Meus contornos já não são tão retilíneos e quando me vejo, me assusto com a pessoa que é retratada, não sou eu! Eu ainda me sinto com dezoito anos, embora exausta, sonolenta e insone, se possível, e com os fios que insistem em branquear. A barriga, há muito se desfigurou, assim pensava, hoje, não. A barriga é a barriga de um ser humano que já teve filhos, linda. Se é uma bola, como dizem algumas crianças sinceras, ou caída, isso quer dizer que ainda vivo e ela está lá. Em breve, muitos mais fios brancos aparecerão e terei que tomar a escolha de assumi-los ou passar por torturas periódicas (pois é assim que vejo o salão de beleza). Oh, meu Jesus, que mal eu fiz para ficar decadente?

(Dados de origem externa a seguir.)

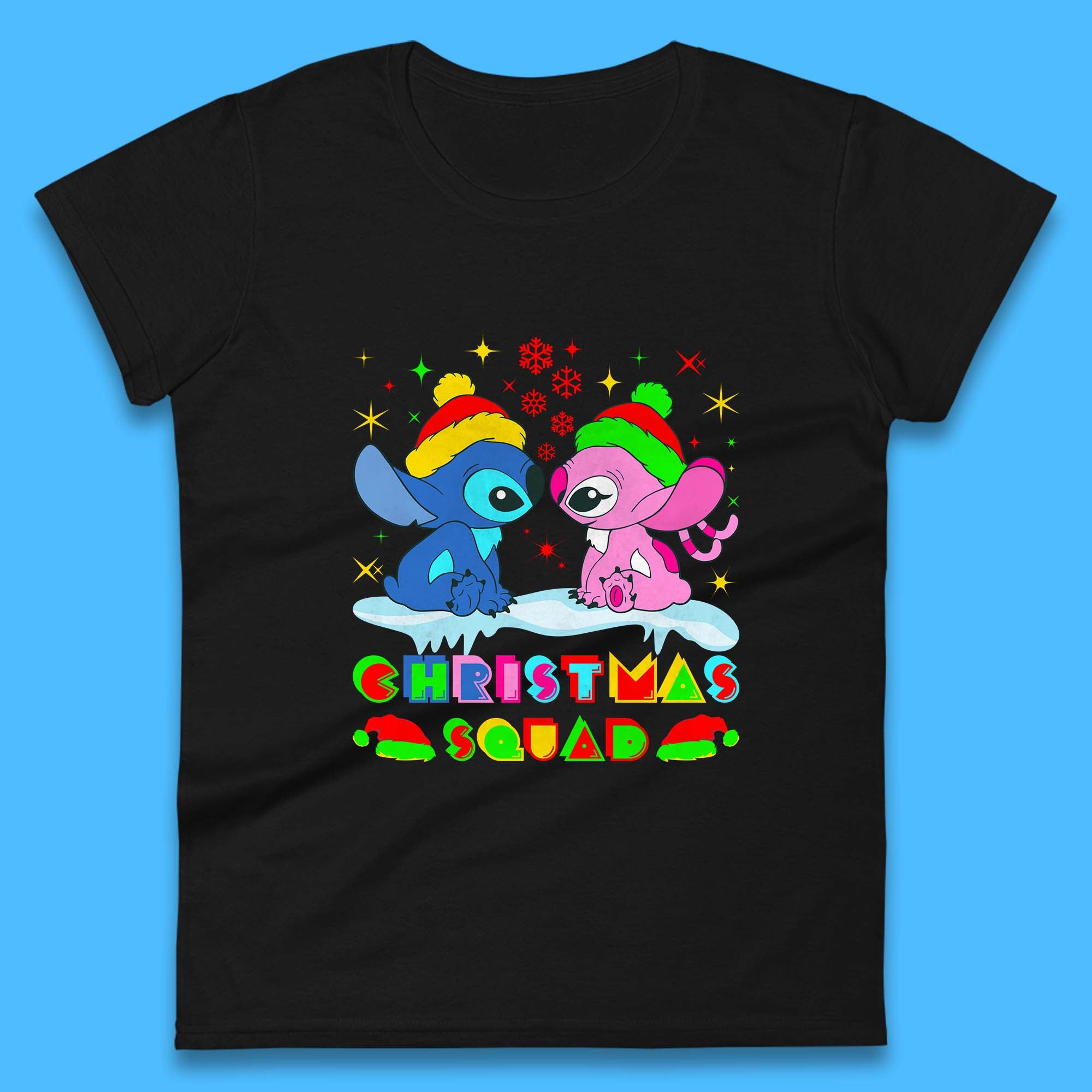 Stitch And Angel Christmas Squad Womens T Shirt Mens Tops Tees Unisex Christmas Top L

Serei ainda amada e desejada, enquanto que esqueletos esbeltos e serelepes continuam a nascer e a se proliferar sobre a terra? Quantas madeixas volumosas, quantas peles de pêssego ainda virão enquanto murcho e definho. Os olhos já não vêem e a mente, capenga. A postura se desconfigura e a frescura se esvai.

Por quê? Oh, existência cruel!

Caminho, achando-me adolescente e contrariando-me com a imagem refletida. Não sou aquela. Não tenho aquilo. Não sou aquilo. Ou, talvez eu não esteja enxergando direito o que vejo! Talvez, aquela imagem seja a mais bela que eu já tive, a mais rica e decidida, a mais cuidada e nobre. Talvez eu esteja míope ou cega pelas palavras alheias, pelas ideias distorcidas. Talvez eu seja a mais bela que já fui, hoje, agora, com a minha mente eternamente desejosa, e o meu corpo plenamente desperto.

Oxalá, eu me torne um vinho, ou um queijo provolone, velha, mofada e gostosa. Piadinha sem graça, eu sei, mas tem gente que gosta.